Erlang is far more mature than Manticore, so I'm sure they've dealt with this, but it's a key aspect of engineering such a runtime system on modern multicore machines, so I was surprised not to see anything about it.

jerf · on Jan 15, 2013

"a fairly concurrent GC at the per-thread level combined with global collections that maintain locality"

Each Erlang process gets its own independent little memory space. GC is trivial to run per-Erlang-process as a result. The downside is, no sharing between processes, even if you want it for some reason. There is some sharing of binaries with reference counting, though, with the usual problems of potentially accidentally holding on to megabytes of memory because one process is holding on to a four-byte slice. (Though you can make copies in advance if you know that's going to happen, and usually you have or can get a pretty good idea.)

I don't know anything about specific NUMA support. A quick Google turns up little to nothing. It is possible that just by the way it is structured it tends to work out reasonably well; less well than perhaps it could with deep integration, but better than a program written in most languages with no thought given to it. Processes and the RAM they use to end up tightly bound together in small contiguous memory arenas just by the way Erlang works. (It is not uncommon to have a system with thousands and thousands of processes that each may only be holding on to a few hundred bytes of data that actually belongs to them.)

I've been learning Go lately. I so badly want a decent Erlang replacement whose syntax and basic libraries are so much more friendly. And I respect Go and think it has a future, perhaps even a bright one. But I have to admit it has only deepened my respect for Erlang. Erlang is the shy librarian of computer languages; the outside may be superficially unappealing, socially awkward, not like the other glitzier girls, but at the end of the movie she takes her glasses off, lets her hair down, and dazzles the audience by being the best dancer there is... if you stuck with her long enough to get to the end of the movie.

rdtsc · on Jan 15, 2013

> Not mentioned in this article is anything about the Erlang GC's interaction with the scheduler and NUMA memory.

Great point.

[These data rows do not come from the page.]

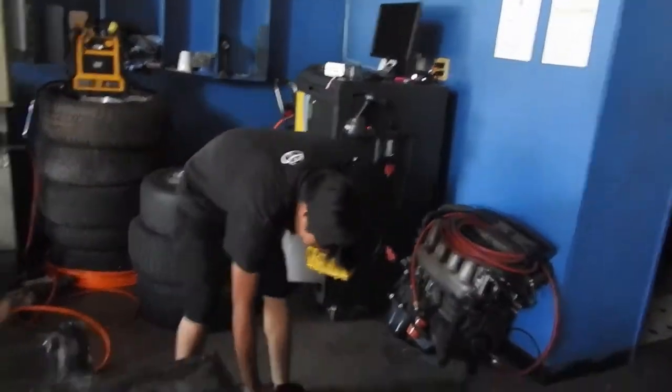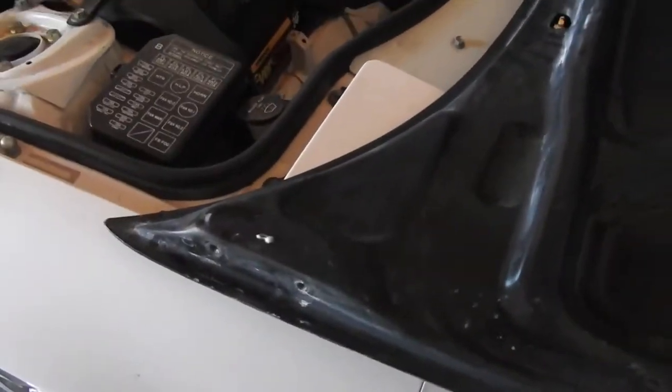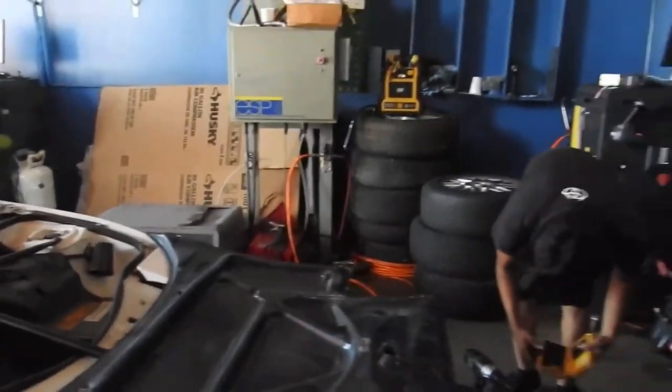There's no gloves, so we grabbed some. Don't try to touch the fiberglass because that shit would be itchy as fuck.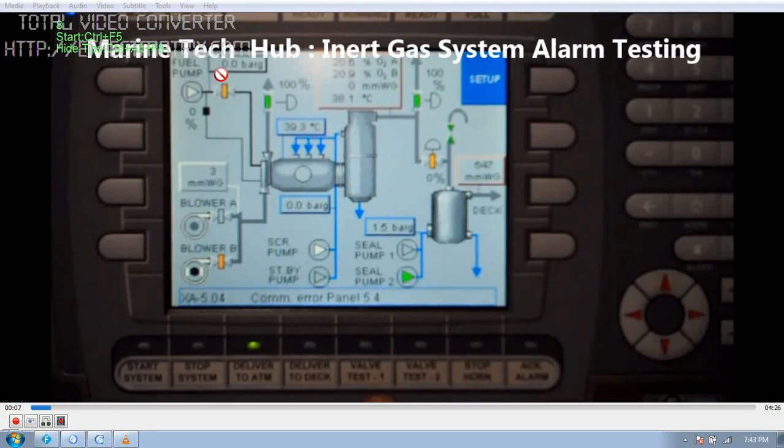Welcome to Marine Tech Hub. Today I will explain about the inert gas system and how to test the alarms. For beginners, this is the panel in the cargo control room and also in the engine control room. Similar panels will be there, and one panel near the inert gas system.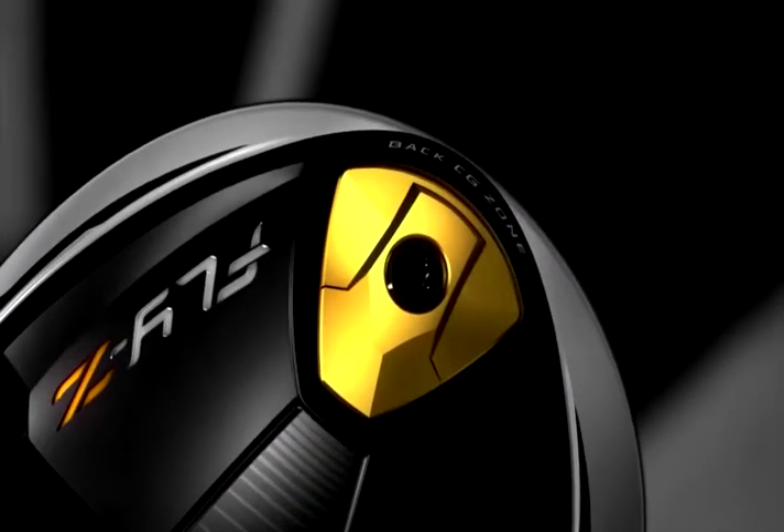This is the Fly Z Plus driver. The Plus indicates that it's for a better player, but fortunately with the flip zone weighting, it actually fits a broader spectrum of players. So I'd say anything from 0 to 15 handicapper can use this driver. The biggest feature on this driver this year is the flip zone weighting, which is a remarkable technology.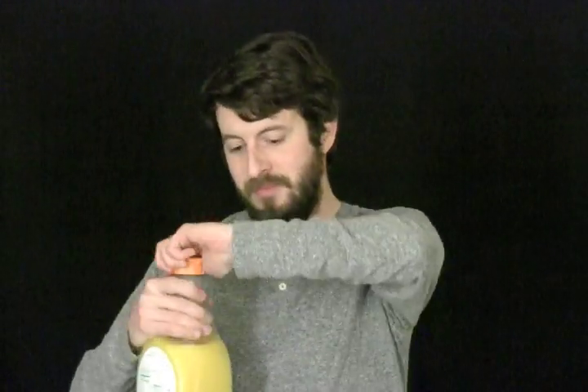Tropicana orange juice home style with some pulp. I actually prefer a lot of pulp but my wife does not like pulp, so we've compromised on some pulp.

Erlang has one of the best GC implementations. Not because it is fancy or has sophisticated algorithms in it or clever trickery ,it is one of the best because of how the rest of the system was thought out and engineered. The main idea is this, since processes are isolated _and_ there is single assignment, and processes have their own private heap, GC now becomes something elegant, obvious and something that doesn't break the system under load. No need to coordinate a stop the world scenario among 100K running processes serving requests.

rdtsc · on Jan 15, 2013

> I think there are a couple of downsides

It's a trade-off. There is no free lunch. Erlang besides high fault tolerance also has soft real-time capabilities as a goal. Some people don't like that term, but it basically means trying to minimize the latency of the system (even under load).

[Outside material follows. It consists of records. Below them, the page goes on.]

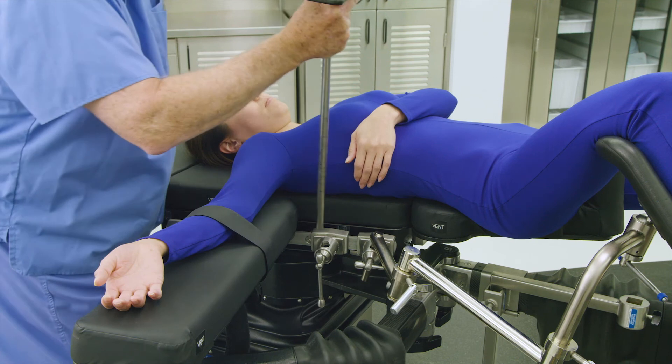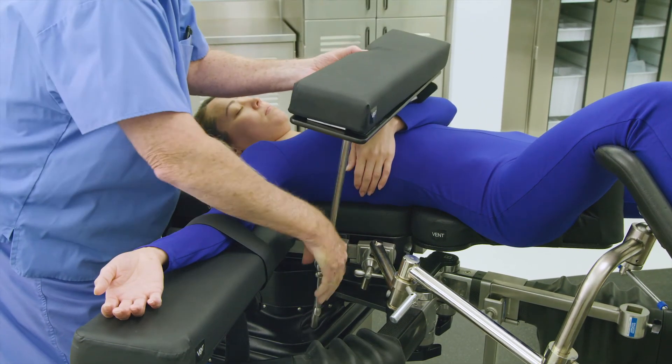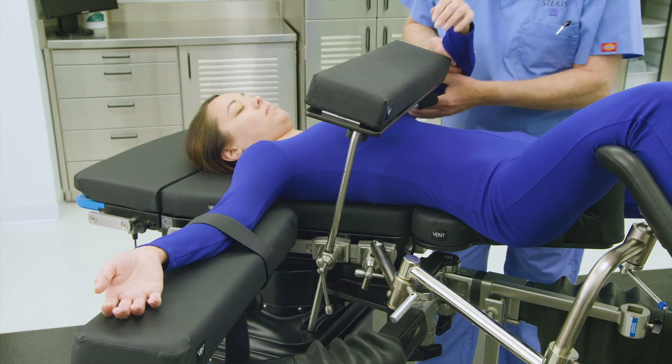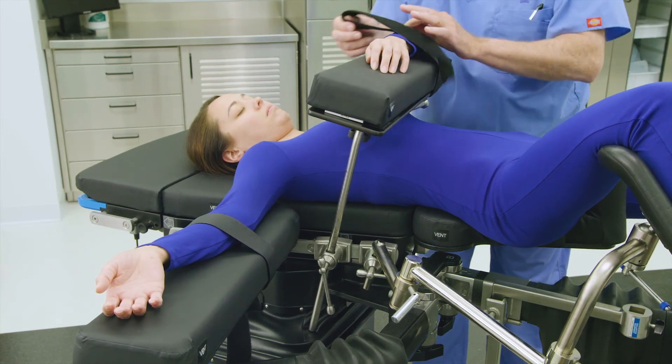Next, mount the multi-position arm board into the socket clamp, adjust the height and position of the arm board above the patient's torso, and tighten the socket clamp to secure. Place the patient's operative side arm into the multi-position arm board and apply the safety strap to secure the arm.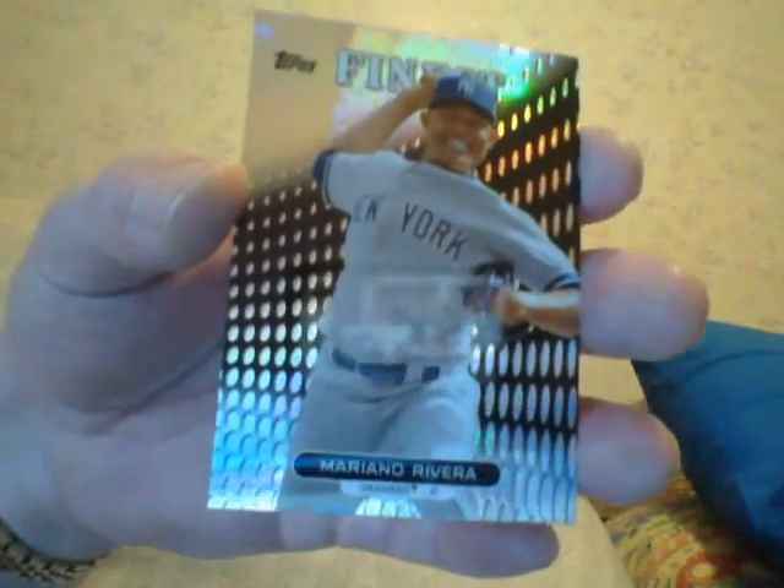The doctor says I'll have to have an operation, but right now I choose not to, so I can't get around easily and can't get to the post office. I put cards in the mailbox on the corner — never had one lost so far, but it could happen and I don't want to be responsible. Mariano Rivera refractor — that's nice. When people ask me for a price I give one, but I never hear back. It's got to be worth my while. I don't need the money and don't need the aggravation.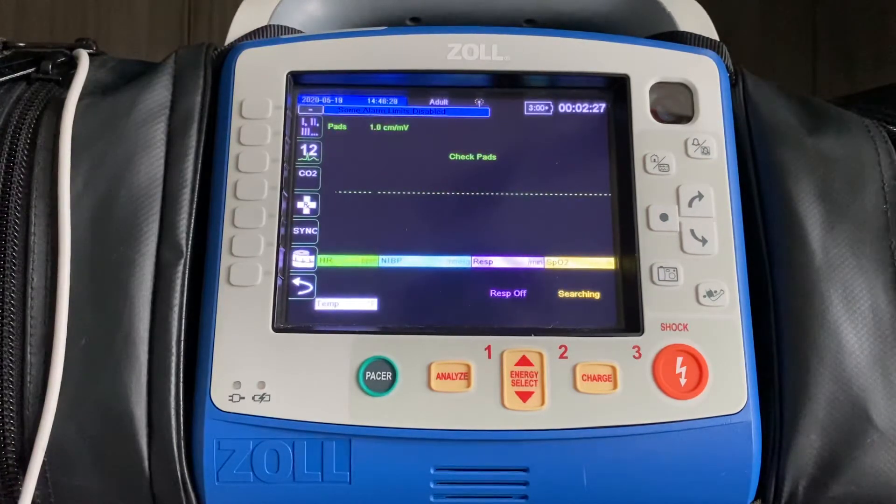But our perfusion index is going to help us make sure that's the case. For example, I'm left-handed, so I would put it on my right ring finger.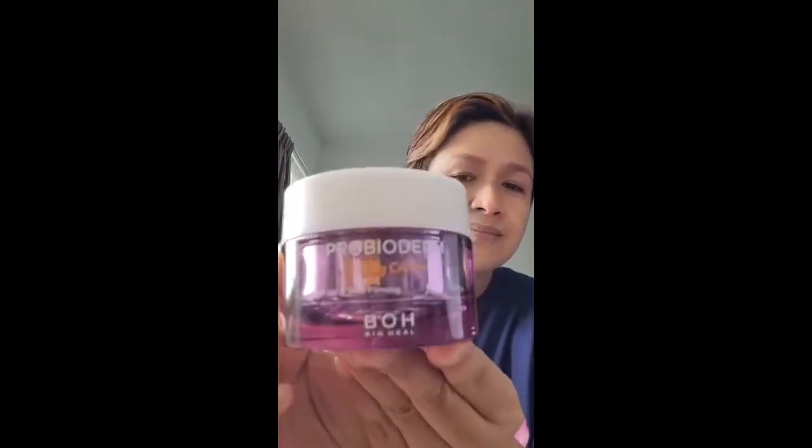Hi guys, Gina here and I will be doing a review of BOH Pro Bioderm Lifting Cream.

It is one thing to analyze the system in a sequential manner, compile, optimize the hell out of it, down to assembler, bring up a client, measure and everything looks great. Now it comes time to deploy the system in the field. In the field hundreds of thousands of clients are supposed to connecting and we find that there are so many are dropping because of timeouts and the system is spewing socket errors.

So what happens. The system that was optimized for sequential throughput will not necessarily perform well under concurrent load. The two are often at odds with each other.

So Erlang authors who slowed down the sequential code by inserting those pesky interruptions in the middle of what could be tight C loops, just optimized for a different use case.

kaeluka · on Jan 15, 2013

what the article fails to mention is that BIFs can mess with your timing -- a BIF call costs one reduction, no matter how long it takes. I'd say that this is comparable in seriousness as the array-operation example, since BIF calls are probably more common.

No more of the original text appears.